Two large circles (diameter 8 in each) sit on the left and right, and two small circles (diameter 5 in each) sit on top and bottom, all touching around a central gap. Joining the centers of neighboring circles makes a four-sided figure (a rhombus). Each side connects a large circle's center to a small circle's center. We must find the perimeter of the quadrilateral.

Givens

Two large circles, each with diameter 8 in (so radius 4 in).
Two small circles, each with diameter 5 in (so radius 2.5 in).
Neighboring circles touch (are tangent).
Each of the four sides joins the center of a large circle to the center of a small circle.

Unknowns

The perimeter of the quadrilateral in inches.

Constraints

When a large and a small circle touch on the outside, the distance between their centers is the large radius plus the small radius.
All four sides join a large center to a small center, so all four sides are equal.

Plan

#1 Draw a Diagram · also uses: #7 Identify Subproblems

Find one side as large radius + small radius using the touching rule, then multiply by the four equal sides to get the perimeter.

Execute

#1 Draw a Diagram 3.G.A.1

Radius is half the diameter. Large radius is 8 / 2 = 4 in; small radius is 5 / 2 = 2.5 in.

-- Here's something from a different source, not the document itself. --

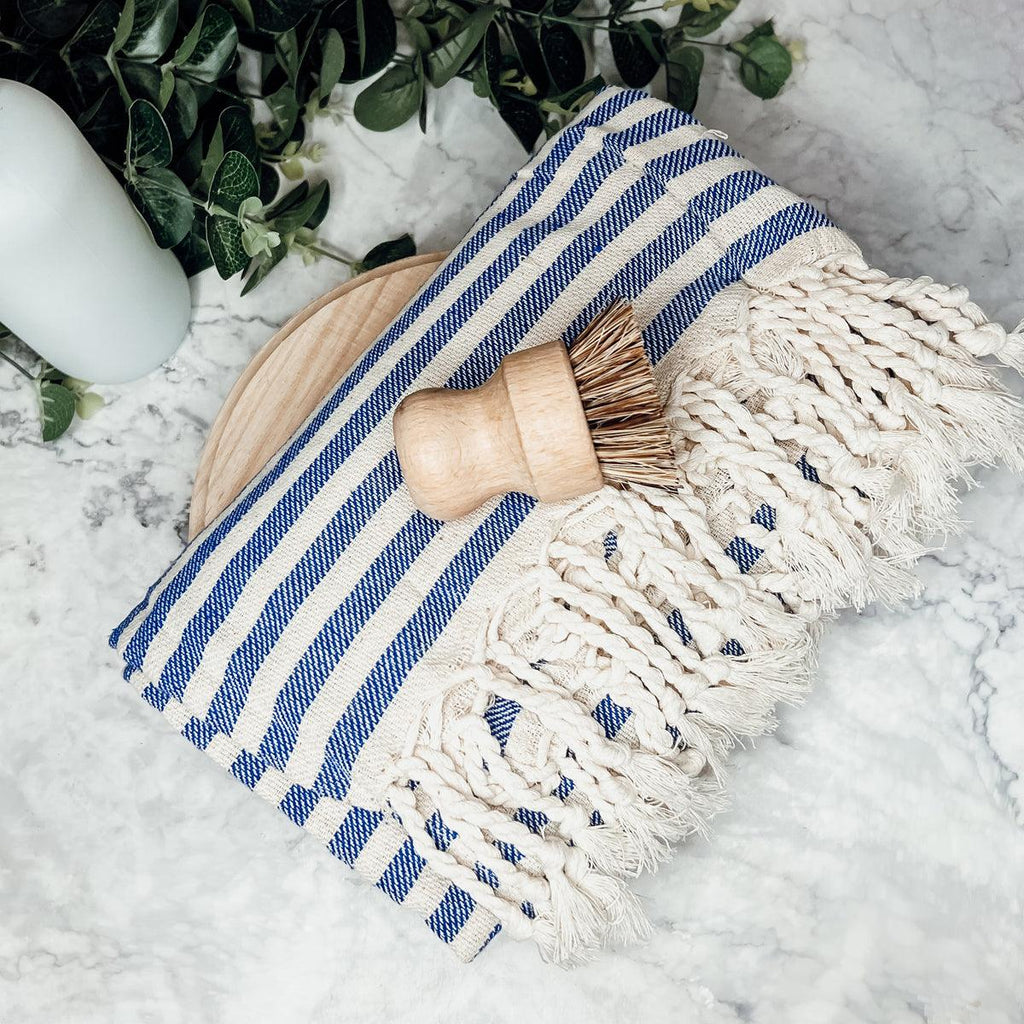 Nautical Turkish Cotton Towel – Blue or Grey Striped Peshtemal (40
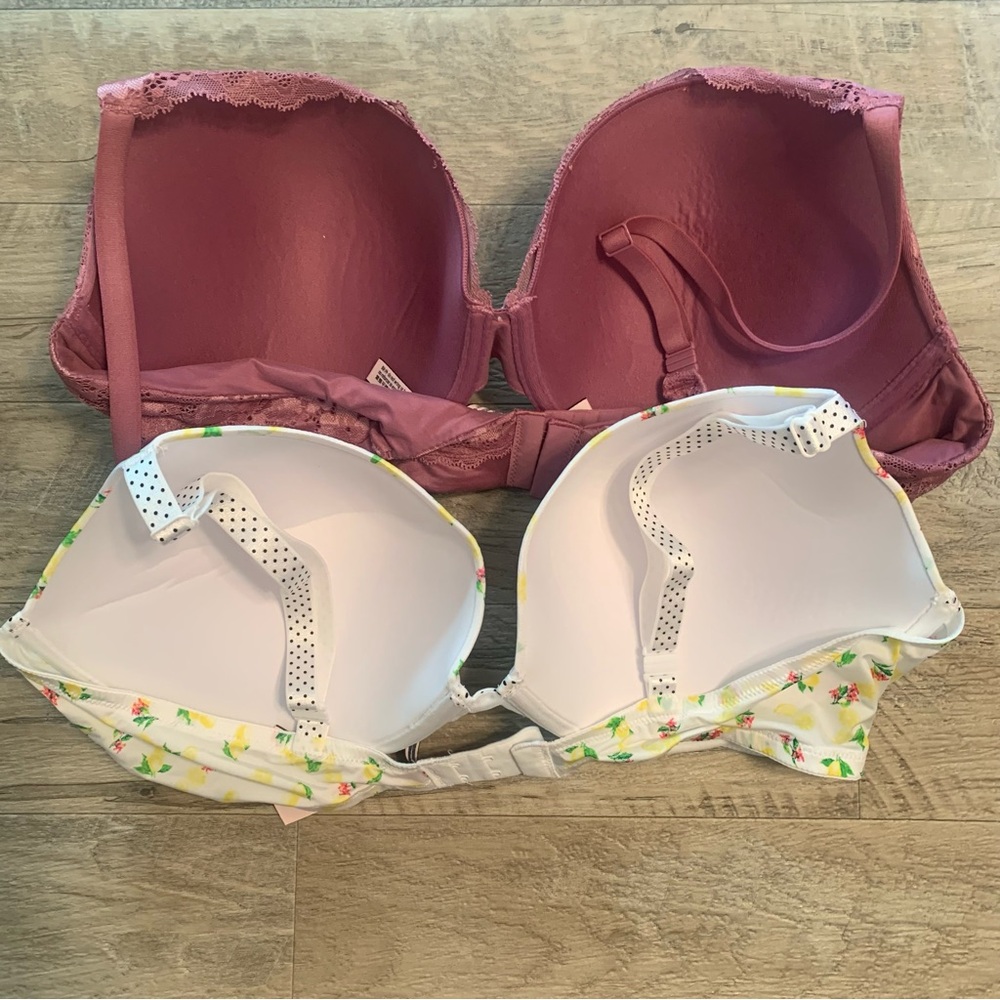 Victoria Secret Bundle 2 Bras Lace Perfect Shape Lemon Print Push Up - Picture 12 of 13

8 \div 2 = 4,\quad 5 \div 2 = 2.5

Diameter is twice the radius, so halving gives each radius.

#7 Identify Subproblems 3.MD.D.8

Where a large and small circle touch, the touch point is one large radius from the large center and one small radius from the small center. So the center-to-center distance is large radius + small radius.

4 + 2.5 = 6.5

Two radii laid end to end across the touch point give the distance between the two centers.

#7 Identify Subproblems 3.OA.C.7

All four sides each join a large center to a small center, so each side is 6.5 in. The perimeter is four of them.

4 \times 6.5 = 26

Four equal sides are totaled by multiplication, a Grade 3 idea, with a simple half-inch piece.

Answer: 26 in

Review

Each side 6.5 in is between the large radius (4) and the full diameter (8), which is sensible for a center-to-center distance. Four sides give 26 in. Units are inches, correct for a perimeter.

Add the sides one at a time: 6.5 + 6.5 + 6.5 + 6.5 = 26 in (Tool 2, Make a Systematic List).

Standards · min grade 3

3.G.A.1 Understand that shapes in different categories share attributes — Using diameter = twice radius to get the large (4 in) and small (2.5 in) radii.
3.MD.D.8 Solve real-world problems involving perimeters of polygons — Finding one side as large radius + small radius and totaling the perimeter.
3.OA.C.7 Fluently multiply and divide within 100 — Computing 4 x 6.5 = 26.

💡 Each side is a big radius plus a small radius -- add them, then multiply by 4 sides with Grade 3 math!